Troubleshooting a failed migration
In some rare cases it might happen that the CCM/CSI migration fails. This
document provides a quick checklist that you can follow in order to debug the
potential issue.
If you don’t manage to solve the problem by following this guide, you can
create a new issue in the KubeOne GitHub repository.
The issue should include details about the issue, including which migration
phase failed, and logs for the failing component.

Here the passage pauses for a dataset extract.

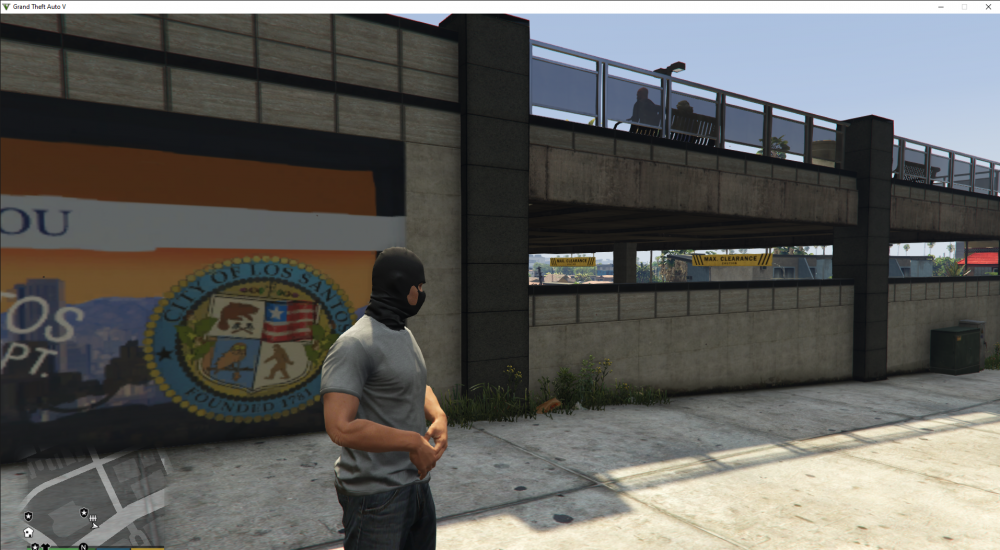 303753707_GrandTheftAutoV22_09_202215_13_26.thumb.png.4f08f91346a1a7828d4747efd987094e.png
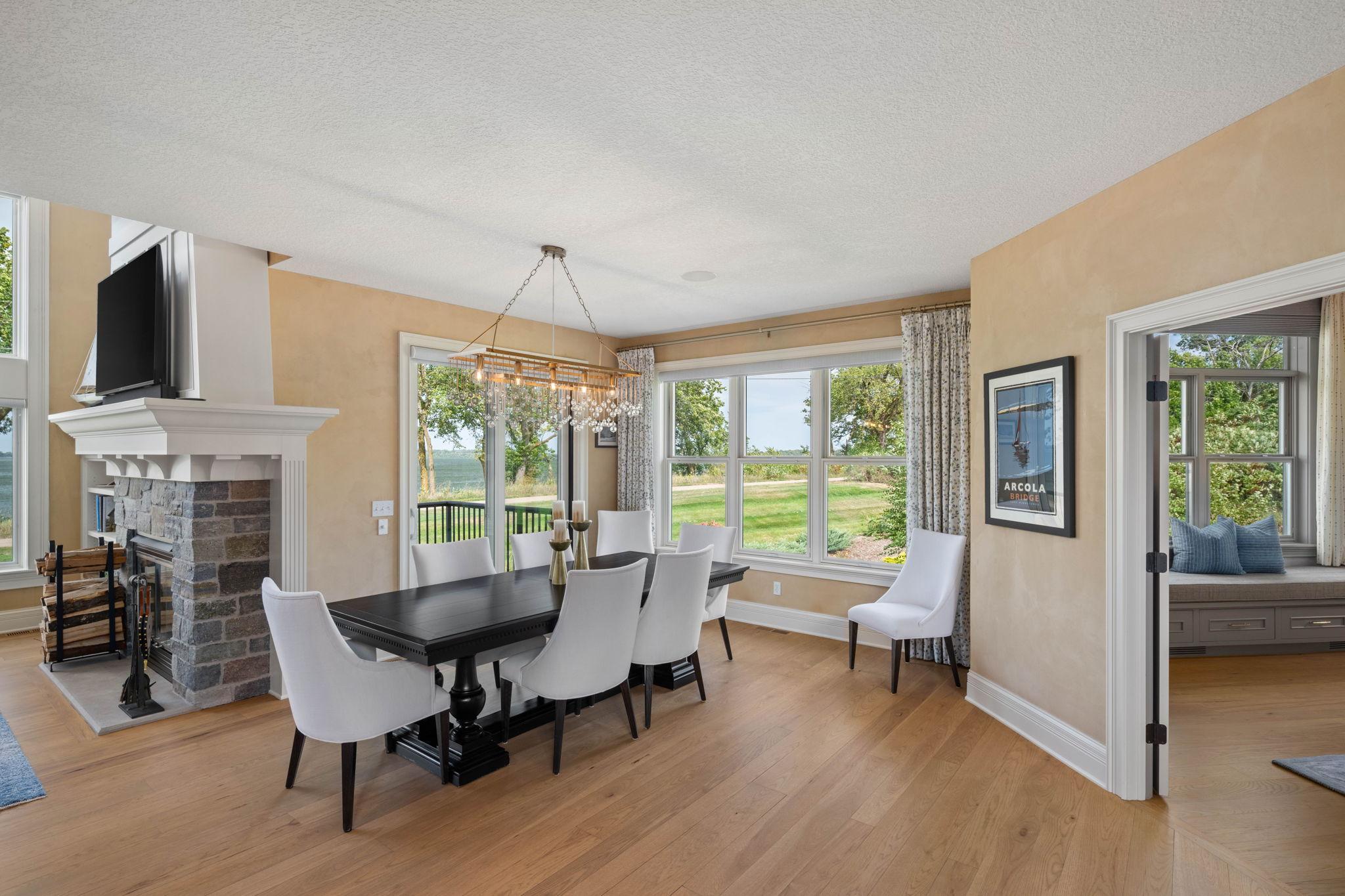 854 Beach Road Property Photo 19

Check the status of your nodes:
kubectl get nodes
All nodes in the cluster should be Ready. You should have 3 control plane
nodes, while the number of worker nodes depend on your configuration. In
case there’s a node that’s NotReady, describe the node to check its status
and events:
kubectl describe node NODE_NAME
Check the status of pods in the kube-system
namespace. All pods should be
Running and not restarting or crashlooping:
kubectl get pods -n kube-system
If there’s a pod that’s not running properly, describe the pod to check its
events inspect and check the logs:
kubectl describe pod -n kube-system POD_NAME
kubectl logs -n kube-system POD_NAME
Note: you can get logs for previous runs of the pod by using the -p
flag,
for example: kubectl logs -p -n kube-system POD_NAME
a) In case there’s a control plane component that’s failing (such as
kube-apiserver or kube-controller-manager), you’ll need to restart the
container itself. In this case, you can’t use kubectl delete
to restart
the component because the control plane components are managed by static
manifests.
- SSH to the affected node. You can find the node where the pod is running
either from the pod name, which is usually
<component-name>-<node-name>
. - List all running containers and find the ID of the container that you want
to restart
sudo crictl ps
- First stop the container and then delete it:
sudo crictl stop CONTAINER_ID
sudo crictl rm CONTAINER_ID
- You can now observe the status of the pod and check its logs using
kubectl
b) In case some other component is running, you can try restarting it by
deleting the pod:
kubectl delete pod -n kube-system POD_NAME
If the previous steps didn’t reveal the issue, SSH to the node and inspect
the Kubelet logs. That can be done by using the following command:
sudo journalctl -fu kubelet.service
You can try restarting kubelet by running the following command:
sudo systemctl restart kubelet
If none of the previous steps help you resolve the issue, you can try
restarting the affected instance. In some cases, restarting the instance can
make the issue go away.
- First, drain and cordon the node. This will make node unschedulable while
moving all the workload on other nodes:
kubectl drain NODE_NAME
kubectl cordon NODE_NAME
- SSH to the node and restart it:
sudo restart
- Wait for node to boot and observe is it going to become healthy again. If
it becomes healthy, you can uncordon it to make it schedulable again:
kubectl uncrodon NODE_NAME